Here’s where southern investors are buying up in Brisbane

 

Research shows the trend of investing in South East Queensland while living in Sydney and Melbourne is on the rise.

Peter Mastroianni, founder and director of Rentvesting.com.au, said momentum for the cross-border strategy was building.

“Affordability issues aren’t something that’s evenly spread across the country and that’s why South East Queensland is such a drawcard,” he said.

Mr Mastroianni cited analysis by advisory firm Herron Todd White which showed 13 per cent of first homebuyers are opting out of buying a home and instead purchasing an investment property while living with parents.

“A comparable property down in Sydney is going to cost over $1 million and down in Melbourne it’s going to be pushing up to $900,000, but you could pick up something in Brisbane still around $600,000.

“In greater Brisbane around Logan, Ipswich or the Moreton Bay region, you can pick up something with a three ($300,000) in front of it.”

Mr Mastroianni said house-and-land packages on the Sunshine Coast where bringing in the southerners, as were the western corridor to Ipswich.

“Spring Mountain (Ripley Valley) — new house-and-land estates are coming on line and it’s essentially a no-brainer for investors looking for potential satellite cities in good commutable distance.”

For investors on a tighter budget, he saw potential in attached housing away from oversupplied centres.
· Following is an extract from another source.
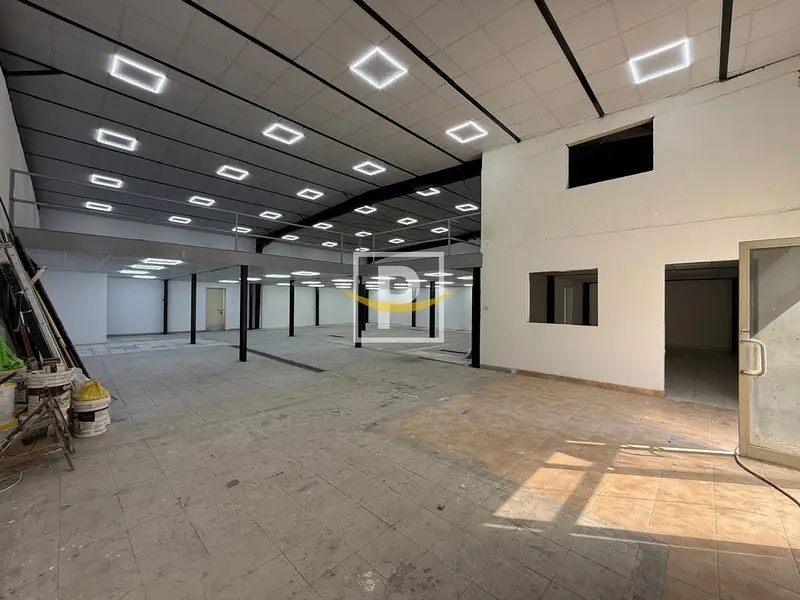 Fitted Warehouse in Al Quoz | Prime Location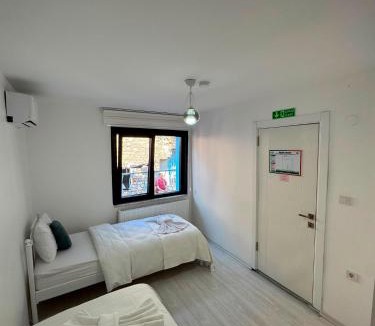 Sultanahmet Villa | White House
“I believe there’s a demand with units as well — and I’m not talking within five kilometres of the CBD or inner-CBD, but if you look at areas like Mt Gravatt and Holland Park as well as Coorparoo,” he said.

“Aspley townhouses are proving quite popular as well. A recent contract we’ve processed out at Aspley at $460, 000 and that was probably the more expensive, or higher-end of the contracts we’ve been dealing with. Unit-wise, with two-bedders, they’re probably at the low $400,000s.

“If you can put down a 10 per cent deposit, cover your costs and pick up something in the high $400,000s to low $500,000s and get a rental return of 4.5 to five per cent, or in some cases six per cent. The fundamentals stack up.”

Mr Mastroianni said Brisbane looked prime for strong capital growth if government can help stimulate employment.

“Brisbane’s a steady performer and the fundamentals are there. What would be really good to see is if the government can turn the ‘jobs tap’ on. Once employment starts really kicking up, I think that will have a significant impact on prices.

“Brisbane — albeit that it’s been doing well ¬- it’s kind of just been chugging along. All eyes have been on Brisbane for a long time and it just hasn’t popped.”